Last week, Rolling Stone published a profile Evan Rachel Wood. In the piece, Wood discusses her own personal experience as a survivor of rape.
Alex Morris, the author of the piece, included a quote from an email Wood sent him in which she explained why she told him her story, and why she wants to tell the world.
However the magazine only published a portion of the note, so in the name of transparency, the Westworld actress took to Twitter to share her email in its entirety.
In her email to Morris, Wood wrote:
I started questioning my reasons for staying vague about my experiences as a girl growing up in America. I think, like a lot of women, I had the urge to not make it a sob story, to not make it about me. ‘I didn’t have to confirm what happened, what mattered is that sh*t happened. Bad. Sh*t. That still affects me to this day.
I think deep down, I also didn’t want to be accused of doing it for attention, or told it wasn’t a big deal, or ‘that’s not really rape’. I will not be ashamed. I will also not project some false idea of being completely over it because ‘I am so strong.’ I don’t believe we live in a time where people can stay silent any longer. I certainly can’t.
Not given the state our world is in with its blatant bigotry and sexism. It should be talked about because it’s swept under the rug as nothing and I will not accept this as ‘normal’. It’s a serious problem. I am still standing. I am alive. I am happy. I am strong. But I am still not ok.”
Well said. She continued:
I think it’s important for people to know that, for survivors to own that, and that the pressure to just get over it already, should be lifted. It will remind people of the damage that has been done and how the trauma of a few minutes can turn into a lifetime of fighting for yourself. It’s not that you can’t get over it, it’s just that you are never the same, or maybe I just haven’t gotten there yet.
So to answer your blunt question bluntly, yes. I have been raped. By a significant other while we were together, and on a separate occasion, by the owner of a bar. The first time I was unsure that if it was done by a partner it was still in fact rape, until too late. Also who would believe me. And the second time, I thought it was my fault and that I should have fought back more, but I was scared.
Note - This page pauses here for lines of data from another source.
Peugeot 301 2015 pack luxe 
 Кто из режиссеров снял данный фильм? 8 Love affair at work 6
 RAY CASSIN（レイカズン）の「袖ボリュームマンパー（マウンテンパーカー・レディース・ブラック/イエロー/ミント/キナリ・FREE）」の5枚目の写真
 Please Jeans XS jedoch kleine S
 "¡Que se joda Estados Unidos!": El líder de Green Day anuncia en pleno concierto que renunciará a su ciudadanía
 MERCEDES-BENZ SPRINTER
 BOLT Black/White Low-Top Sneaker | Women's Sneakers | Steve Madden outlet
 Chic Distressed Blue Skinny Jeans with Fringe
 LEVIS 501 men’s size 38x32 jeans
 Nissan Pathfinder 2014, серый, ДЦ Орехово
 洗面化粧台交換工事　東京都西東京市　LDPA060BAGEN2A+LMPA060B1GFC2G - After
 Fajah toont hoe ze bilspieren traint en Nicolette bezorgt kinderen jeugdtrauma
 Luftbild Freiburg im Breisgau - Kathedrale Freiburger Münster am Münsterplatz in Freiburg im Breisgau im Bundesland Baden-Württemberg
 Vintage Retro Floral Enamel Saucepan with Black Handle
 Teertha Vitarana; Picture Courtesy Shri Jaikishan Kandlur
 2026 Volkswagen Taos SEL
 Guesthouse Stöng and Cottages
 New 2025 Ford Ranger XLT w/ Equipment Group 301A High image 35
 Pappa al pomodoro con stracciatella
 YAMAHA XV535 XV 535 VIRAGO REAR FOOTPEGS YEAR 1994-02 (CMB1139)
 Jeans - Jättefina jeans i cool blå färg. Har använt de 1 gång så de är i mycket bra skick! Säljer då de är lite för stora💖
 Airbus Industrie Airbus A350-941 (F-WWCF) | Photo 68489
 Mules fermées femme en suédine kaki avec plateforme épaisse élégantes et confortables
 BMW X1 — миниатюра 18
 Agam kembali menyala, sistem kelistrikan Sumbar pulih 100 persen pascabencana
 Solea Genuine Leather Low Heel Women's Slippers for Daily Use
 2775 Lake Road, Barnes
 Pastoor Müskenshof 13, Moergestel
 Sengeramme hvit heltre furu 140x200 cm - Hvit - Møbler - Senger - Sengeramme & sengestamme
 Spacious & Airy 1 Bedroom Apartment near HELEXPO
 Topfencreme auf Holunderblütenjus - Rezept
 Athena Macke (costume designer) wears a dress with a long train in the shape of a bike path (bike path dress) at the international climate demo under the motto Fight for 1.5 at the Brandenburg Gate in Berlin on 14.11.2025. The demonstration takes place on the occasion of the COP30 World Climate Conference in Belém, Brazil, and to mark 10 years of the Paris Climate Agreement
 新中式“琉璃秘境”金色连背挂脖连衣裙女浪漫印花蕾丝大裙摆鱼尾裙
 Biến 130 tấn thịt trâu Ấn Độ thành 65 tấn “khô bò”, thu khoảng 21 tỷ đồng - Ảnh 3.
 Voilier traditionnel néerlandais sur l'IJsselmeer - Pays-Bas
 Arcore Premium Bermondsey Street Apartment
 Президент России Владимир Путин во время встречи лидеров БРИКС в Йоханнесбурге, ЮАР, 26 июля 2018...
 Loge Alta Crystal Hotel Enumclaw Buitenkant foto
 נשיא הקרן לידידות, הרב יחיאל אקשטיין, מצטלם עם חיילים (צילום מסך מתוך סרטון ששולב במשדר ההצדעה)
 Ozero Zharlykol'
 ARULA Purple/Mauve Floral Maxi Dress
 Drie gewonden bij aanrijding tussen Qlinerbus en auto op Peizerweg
This was many many years ago and I of course know now neither one was my fault and neither one was ok. This was all before I tried to commit suicide and I am sure was one of the many factors. There you have it.”
The letter speaks to many of the reasons why survivors of rape often don’t come forward when they’ve been sexually assaulted, including a fear of being blamed, being accused of making it up, and being told it’s not a big deal.